Both sides continued to trade accusations, with Moscow opening a criminal investigation into a Russian soldier’s allegations that he was beaten and threatened with death while being held in Ukraine as a prisoner of war.

Separately, a social media video verified by Reuters and geolocated to an area west of Kyiv appears to show Ukrainian forces shooting and killing a captured and badly wounded Russian soldier.

NATO members agreed to strengthen support to Ukraine on Thursday.

Ukraine has received about 25,000 anti-aircraft weapons systems from the United States and its allies, the top US general said, and Washington is looking into what new support it could send.

In a video address posted on YouTube, Ukrainian Defence Minister Oleksii Reznikov made a plea for heavier, more modern weapons as Russia concentrated its forces for a powerful attack.

Russia has “drawn conclusions and changed tactics” and is now focusing on long-range strikes from the air.

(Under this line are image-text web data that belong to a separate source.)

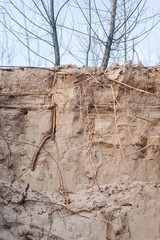 Root system. Tree growth. Underground. Botany.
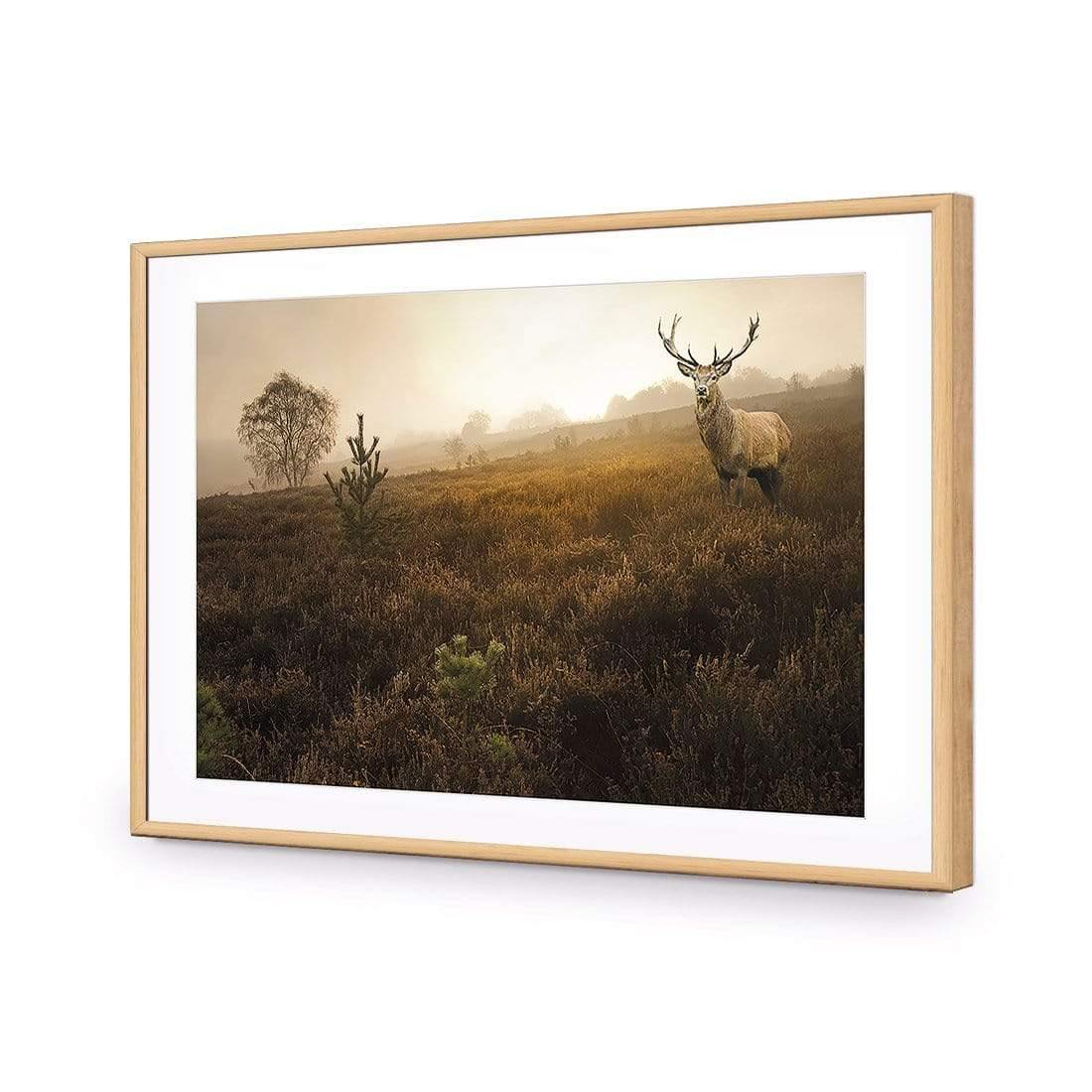 Morning Stag | Classic Acrylic | Flat Frame With Border | Oak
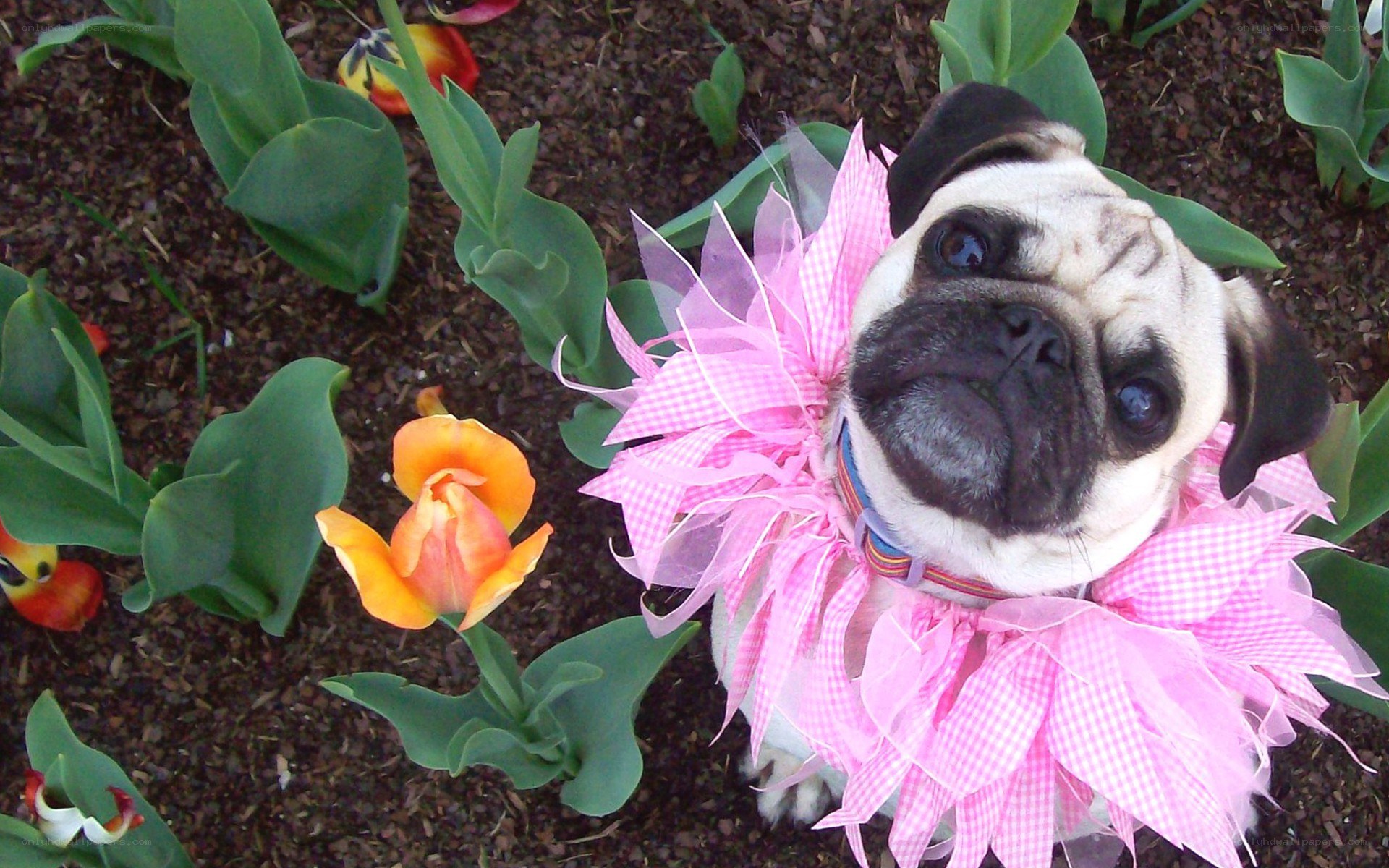 Pug in a pink tutu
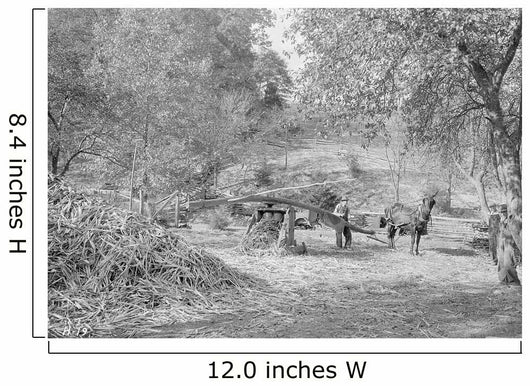 Grinding Cane for Sorghum Wall Decal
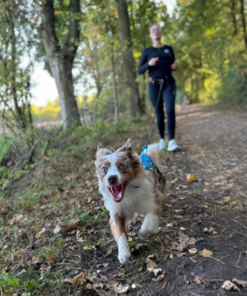 Non-stop Dogwear Freemotion Harness 5.0 - Image 20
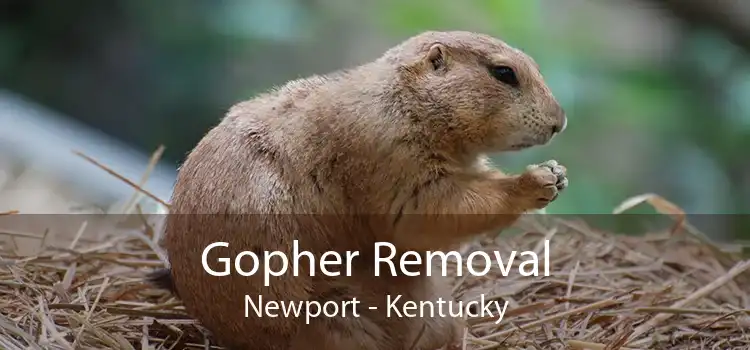 Gopher Removal Newport - Kentucky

As a result, Ukraine needs air defence systems, long-range artillery, tanks and anti-ship missiles, Reznikov said.

Zelenskiy’s government says starving Moscow’s war machine is the only way to bring it to a settlement at on-and-off peace talks.

On Thursday, Russian Foreign Minister Sergei Lavrov said a draft peace deal from Kyiv contained “unacceptable” elements and deviated from previously agreed proposals.